And not only is it a short-term fix, a band-aid, but they had the nerve to tell us how to spend it!  The paternalistic economic geniuses who got us into this mess in the first place were saying "now kids, we don't want you to save this or pay bills with it..it's supposed to be spent on something that will help the economy"!

 

1:02am • #12
147,548 Points 6 Featured Posts Outside Blog

Eric: I'm not a big fan of welfare..be it for the poor (as in programs that create dependency) or for the rich...(tax cuts and loop holes).  The idea of cutting taxes for the rich in order to benefit us all didn't make sense when they did it and doesn't make sense in the long run!

Bob Mitchell

ValueList Real Estate Services, Inc.

10:03am • #13
487,277 Points 84 Featured Posts Localism Sponsor Outside Blog Hit Router

Eric - Tying the tax breaks to job creations would be OK.  Just remember corporations do not pay taxes.  They collect them from the consumers and then send them to the government.  If we tax corporations we just tax ourselves with a hidden tax in the products we purchase.

10:34am • #14
182,938 Points 11 Featured Posts Outside Blog

Eric...The picture you paint is right on the mark (but you left out health care). We obviously have a President who can't even get the saying "fool me once shame on you" correct...so how could we expect anything different from the actions.

I am convinced that our society has evolved(if you can call it that) to the point of...if it doesn't affect me directly, it doesn't matter! And it's the segment with power and money who aren't affected.

Corporations don't invest in their companies and workers anymore..perfomance is only for the benefit of the stockholders...and we know who they are...

It will change when there isn't anyone left to clean up!

2:59pm • #15
192,160 Points 4 Featured Posts Outside Blog

I believe that "Big Business" has controlled the Government's actions for too long (and I'm a Capitalist). The blindsightedness of so-called "Business Leaders" that don't contemplate the long-reaching effects and unanticipated ramifications of their actions, have resulted in where we find ourselves today.

Too many politicians and CEO's are selling out our country in the name of profit.

5:11pm • #16
192,160 Points 4 Featured Posts Outside Blog

And as for the "stimulus package" that was meant to fix the ecnomy - how stupid do politicians think the American public really is?

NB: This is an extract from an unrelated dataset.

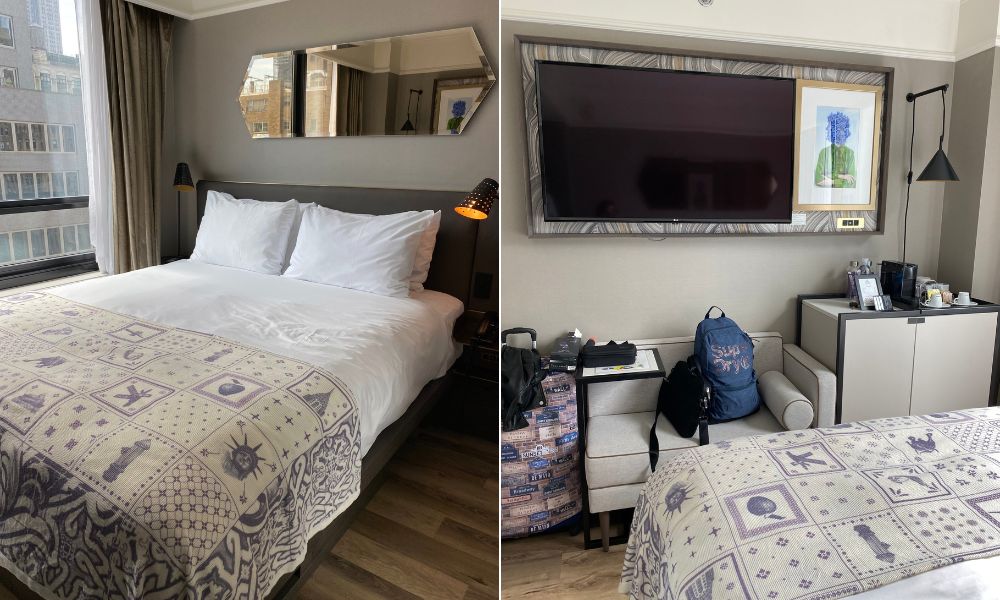 Habitación del hotel Pestana Park Avenue con cama king, acolchado con motivos de Nueva York, televisor y valijas en un espacio moderno y compacto.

I doubt if a fraction of that money came back into our economy.

5:13pm • #17
JUL
01
2008
123,183 Points Outside Blog

Bob, we have so much welfare for the wealthy and for corporations that the public is completely unaware of.

And of course, the recipients of that largesse do a really swell job of diverting the public's attention by pointing to the food stamp program, which is literally a drop in the bucket by comparison.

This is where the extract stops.